Tokyo Godfathers Is An Anime Christmas Miracle About Animated Cinema's Merriest Motley Crew

(Welcome to Animation Celebration, a recurring feature where we explore the limitless possibilities of animation as a medium. In this edition: "Tokyo Godfathers.")

In Satoshi Kon's fantastic holiday fable, an unruly alcoholic named Gin, an angry and rebellious runaway teen named Miyuki, and a stoic albeit lonely trans woman named Hana are all surviving their Christmas Eve on the streets of Tokyo as a makeshift, houseless family. As the three dumpster dive to try and find something good to eat, they come across an abandoned newborn baby in the trash. With little to no information on the baby's identity, this ragtag trio spends their night desperately trying to find the parents of the infant and return the baby to safety.

If the premise of "Tokyo Godfathers" sounds vaguely familiar, it's because Kon was inspired by the John Ford western, "3 Godfathers," which starred John Wayne and was based on Peter B. Kyne's novel of the same name. Unlike his previous works, Kon firmly grounds "Tokyo Godfathers" in reality and trades in his typical polished animation style for something aesthetically harsher, a means to authentically represent the gritty underbelly of Tokyo's houseless community. It's a stellar juxtaposition, however, as the story is injected with Frank Capra-esque moments of holiday sentimentality, something seldom afforded to the characters at the center of the film. Co-written by Keiko Nobumoto of "Cowboy Bebop" fame, "Tokyo Godfathers" is an incredibly poignant story about found family, navigating feelings of personal shortcomings, and finding happiness even under the bleakest of circumstances. It's everything a holiday film should be, and humanizes groups of people that society often likes to pretend don't exist.

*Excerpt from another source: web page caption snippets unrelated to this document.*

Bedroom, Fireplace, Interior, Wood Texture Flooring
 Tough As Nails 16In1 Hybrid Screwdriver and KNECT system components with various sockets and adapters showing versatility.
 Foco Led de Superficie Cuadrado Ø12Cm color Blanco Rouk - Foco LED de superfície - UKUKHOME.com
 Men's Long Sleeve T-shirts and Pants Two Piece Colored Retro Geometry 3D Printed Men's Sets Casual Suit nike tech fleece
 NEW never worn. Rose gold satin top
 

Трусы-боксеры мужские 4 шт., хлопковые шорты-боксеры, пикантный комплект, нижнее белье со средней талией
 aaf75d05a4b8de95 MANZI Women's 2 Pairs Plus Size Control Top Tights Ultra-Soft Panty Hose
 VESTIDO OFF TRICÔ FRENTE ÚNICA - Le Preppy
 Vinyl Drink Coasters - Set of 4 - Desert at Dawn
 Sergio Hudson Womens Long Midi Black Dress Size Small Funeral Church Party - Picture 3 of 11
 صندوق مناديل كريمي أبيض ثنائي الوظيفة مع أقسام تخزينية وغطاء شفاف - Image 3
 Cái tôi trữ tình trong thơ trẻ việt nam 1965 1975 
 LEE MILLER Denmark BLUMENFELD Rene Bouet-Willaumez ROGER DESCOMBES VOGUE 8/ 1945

Finding beauty in the breakdown

There's a devastating honesty coursing throughout "Tokyo Godfathers," especially when looking at how the three main characters respond to finding the baby. The trio has just attended a youth performance of a nativity play when they come across the child, so there are some definite "Three Wise Men + Baby Jesus" metaphors at play. Gin and Miyuki want to take the child to the police even though both have a tumultuous relationship with the criminal justice system. Hana, however, sees the baby as a miracle, viewing the child as an answer to her prayers to have a baby of her own — something she believes could never be possible as a trans woman. She calls the child "Kiyoko," which derives from the Japanese word for "pure." This innocent child was abandoned, and despite their immediate impulses, the three make it their goal to find the child's parents, hopefully preventing the baby from growing up on the streets.

Satoshi Kon presents Gin, Miyuki, and Hana exactly as they are, and appropriately reflects the way society treats them — even if it hurts. The gravity of their life on the streets is never glossed over, but "Tokyo Godfathers" doesn't approach houselessness like a scared-straight-style cautionary tale. The family this trio has created may look odd from the outside looking in, but they are a family through and through. There's beauty to be found in this presentation of neorealism, even without sugarcoating the uncomfortable truths surrounding their systemic oppression.

The true meaning of Christmas

The Frank Capra-esque elements are bountiful after the trio of unlikely godparents finds Kiyoko, as their quest to bring the child to her parents coincidentally forces them to come face-to-face with their own mistakes that brought them to their current status. They encounter the yakuza, a frantic traffic chase, and a character with suicidal ideations. They also deliver a rage-fueled rant about not eating cats regardless of starvation status, explore the importance of dying with dignity, and witness an assassination attempt during a wedding. Their own plights are reflected in the many hijinks that ensure trying to get the baby home, often encountering the people they left behind when they initially took to the streets. The more they learn about the infant, the more they learn about each other, and they must unpack how their own decisions mimic the tragic circumstances that surround the child ending up in the trash in the first place.

While all of these situations sound (and are) understandably grim, "Tokyo Godfathers" drips with hope and humor. The film is scored by Keiichi Suzuki, who proves a jaunty and festive heartbeat to keep the film moving, and never lets the viewer forget that this is a holiday story. Three people thrown away by society dedicate their lives to taking care of this discarded infant, providing a level of empathy seldom offered to them. This motley crew has every right to feel angry and rejected by the world around them, but still strive to do the morally righteous thing.

"Tokyo Godfathers" showcases the true meaning of Christmas better than most "Christmas movies," and does so while painting an incredibly nuanced portrait of the people Christmas frequently forgets. Introduce this anime classic into your seasonal rotation — your holiday will be better for it.